## What to work on
Look through the data below for the line with "2019E 2020E 2021E 2022E 2023E 2024E 2025E" and the line with "< 160 mg/dl Not Prescribed Not", then transcribe exactly from the first through the second, leaving out all pictures.

## Material for the task
=== Begin Enclosure ===
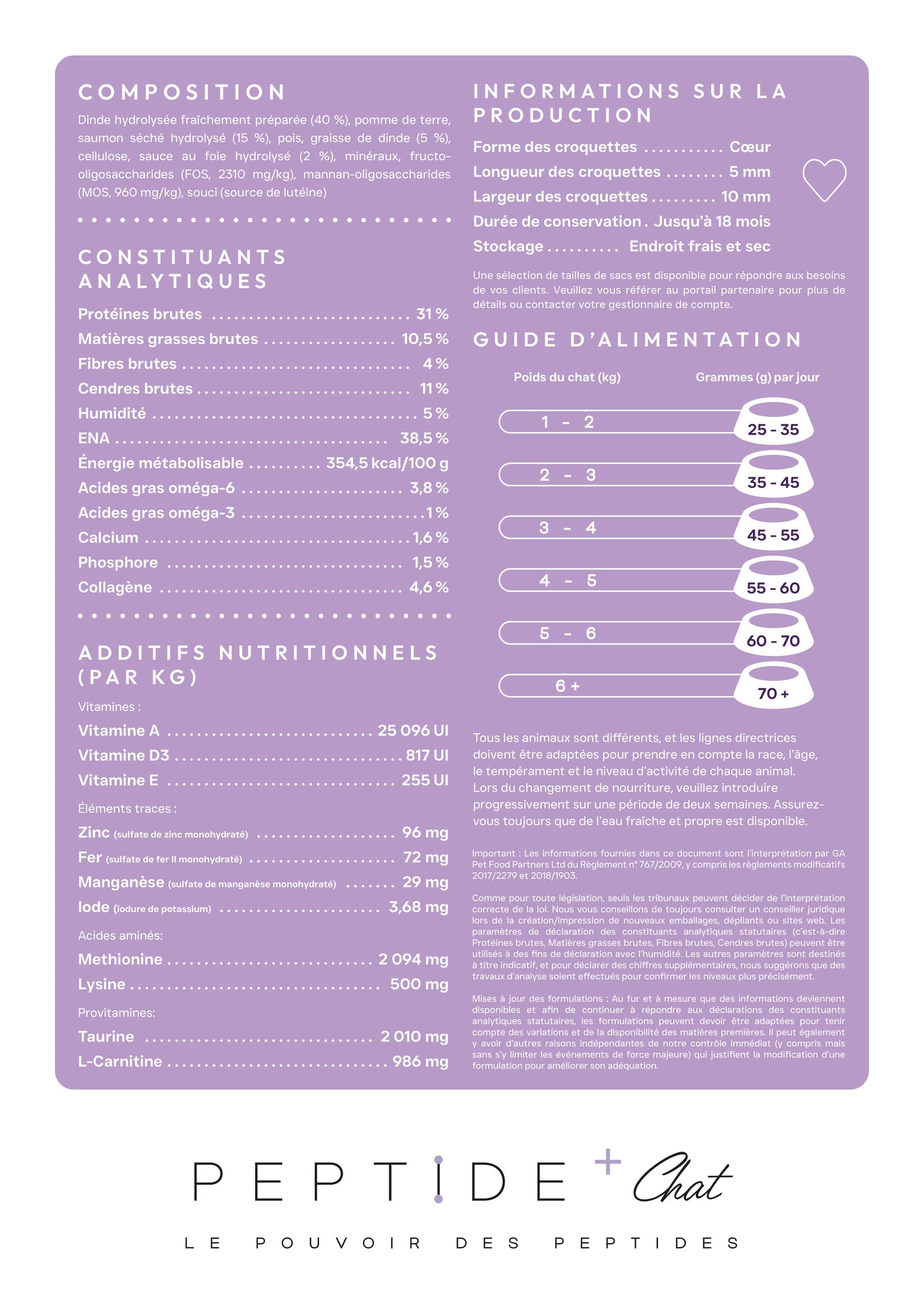 peptide + chat soins gastro-intestinaux et digestifs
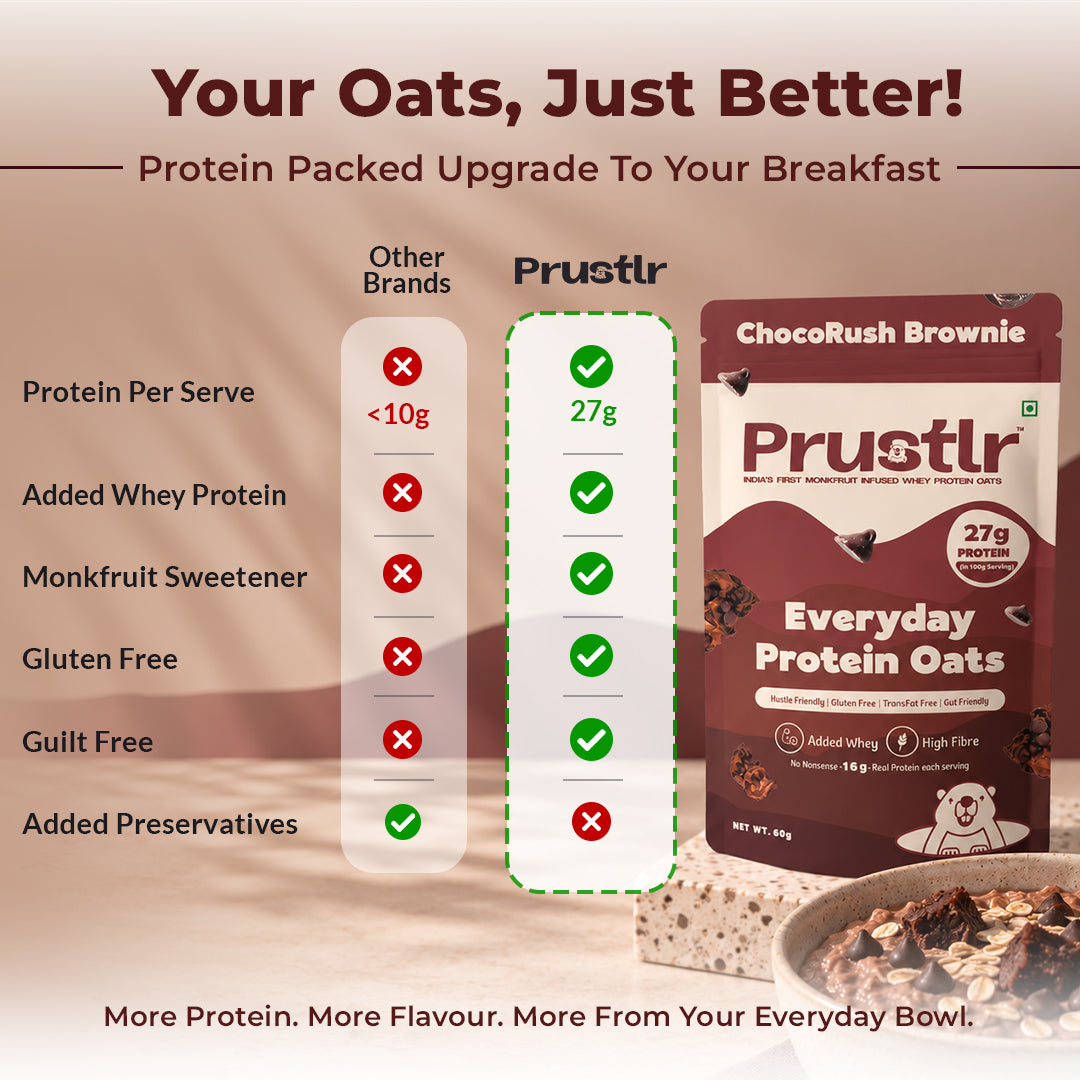 Everyday Protein Oats | ChocoRush Brownie | Pack of 5 x 60g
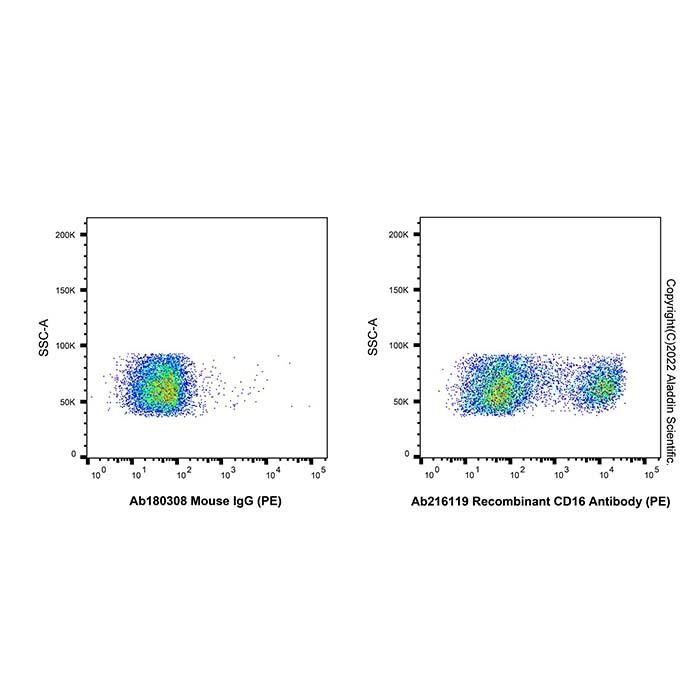 Recombinant CD16 Antibody (PE) -    by Aladdin Scientific
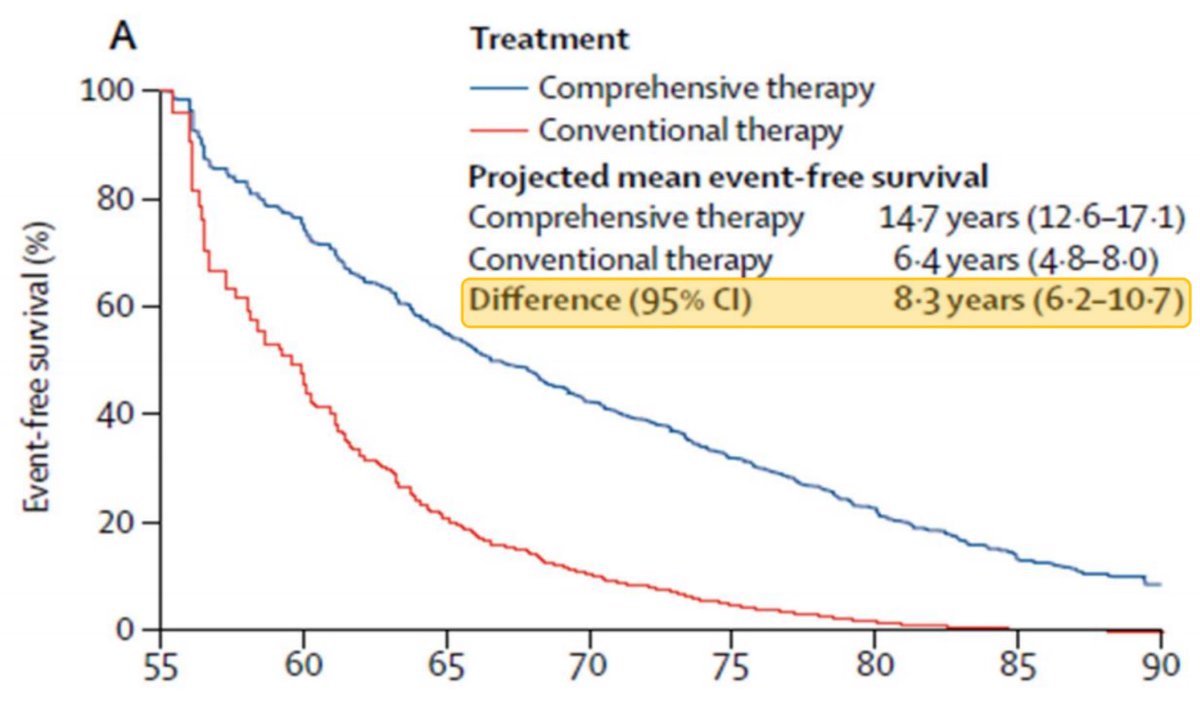 💊Comprehensive therapy (ARNI,BB,MRA,SGLT2i) can offer an additional 8.3 years compared with conventional therapy (ACEi,BB) in patients with #HFrEF.
💊 Make every visit count
👨🏾‍⚕️ <a href="/mvaduganathan/">Muthu Vaduganathan</a> et al.
🔗 thelancet.com/journals/lance…

What will you do next time you see your patient?
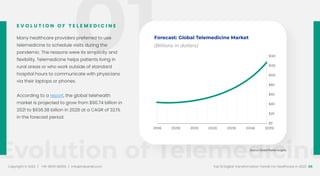 Evolution of Telemedicine
01
Copyright © 2022 / +91-98311 48300 / info@indusnet.co.in 05
Top 10 Digital Transformation Trends For Healthcare in 2022
Many healthcare providers preferred to use
telemedicine to schedule visits during the
pandemic. The reasons were its simplicity and
flexibility. Telemedicine helps patients living in
rural areas or who work outside of standard
hospital hours to communicate with physicians
via their laptops or phones.
According to a report, the global telehealth
market is projected to grow from $90.74 billion in
2021 to $636.38 billion in 2028 at a CAGR of 32.1%
in the forecast period.
E V O L U T I O N O F T E L E M E D I C I N E
Source: Global Market Insights
Forecast: Global Telemedicine Market
(Billions in dollars)
$140
$120
$100
$80
$60
$40
$20
$0
2019E 2020E 2021E 2022E 2023E 2024E 2025E
 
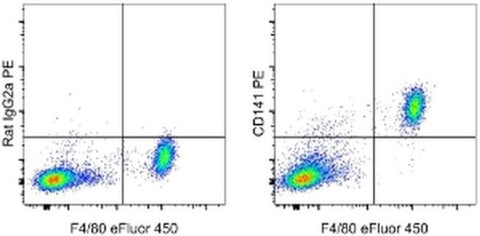 CD141 Monoclonal Antibody (LS17-9), PE, eBioscience
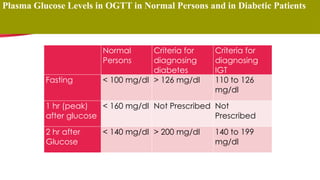 Normal
Persons
Criteria for
diagnosing
diabetes
Criteria for
diagnosing
IGT
Fasting < 100 mg/dl > 126 mg/dl 110 to 126
mg/dl
1 hr (peak)
after glucose
< 160 mg/dl Not Prescribed Not
Prescribed
2 hr after
Glucose
< 140 mg/dl > 200 mg/dl 140 to 199
mg/dl
Plasma Glucose Levels in OGTT in Normal Persons and in Diabetic Patients
 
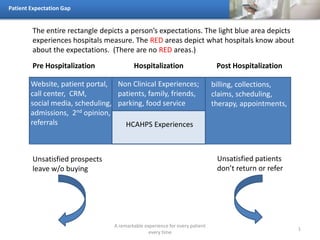 Patient Expectation Gap
A remarkable experience for every patient
every time
1
Pre Hospitalization Post HospitalizationHospitalization
HCAHPS Experiences
Non Clinical Experiences;
patients, family, friends,
parking, food service
Website, patient portal,
call center, CRM,
social media, scheduling,
admissions, 2nd opinion,
referrals
billing, collections,
claims, scheduling,
therapy, appointments,
Unsatisfied prospects
leave w/o buying
Unsatisfied patients
don’t return or refer
The entire rectangle depicts a person’s expectations. The light blue area depicts
experiences hospitals measure. The RED areas depict what hospitals know about
about the expectations. (There are no RED areas.)
 
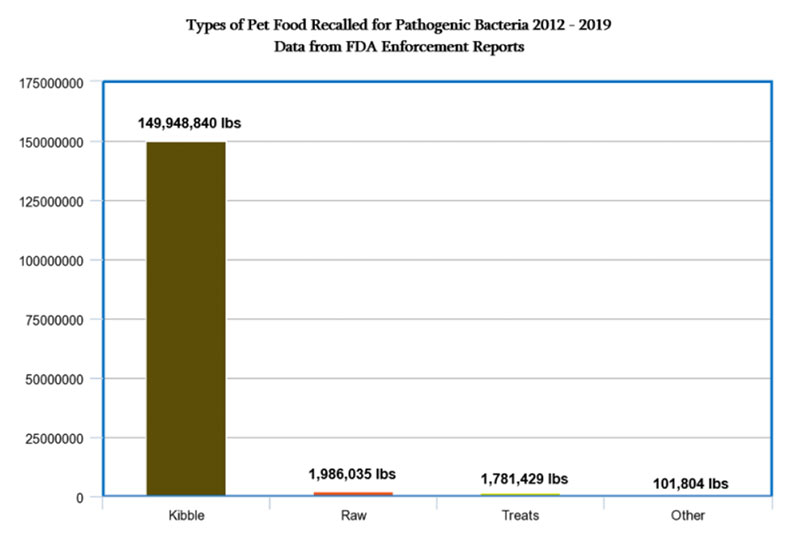 types of pet food recalled for pathogenic bacteria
=== End Enclosure ===
## Solution to the problem
2019E 2020E 2021E 2022E 2023E 2024E 2025E
 
 CD141 Monoclonal Antibody (LS17-9), PE, eBioscience
 Normal
Persons
Criteria for
diagnosing
diabetes
Criteria for
diagnosing
IGT
Fasting < 100 mg/dl > 126 mg/dl 110 to 126
mg/dl
1 hr (peak)
after glucose
< 160 mg/dl Not Prescribed Not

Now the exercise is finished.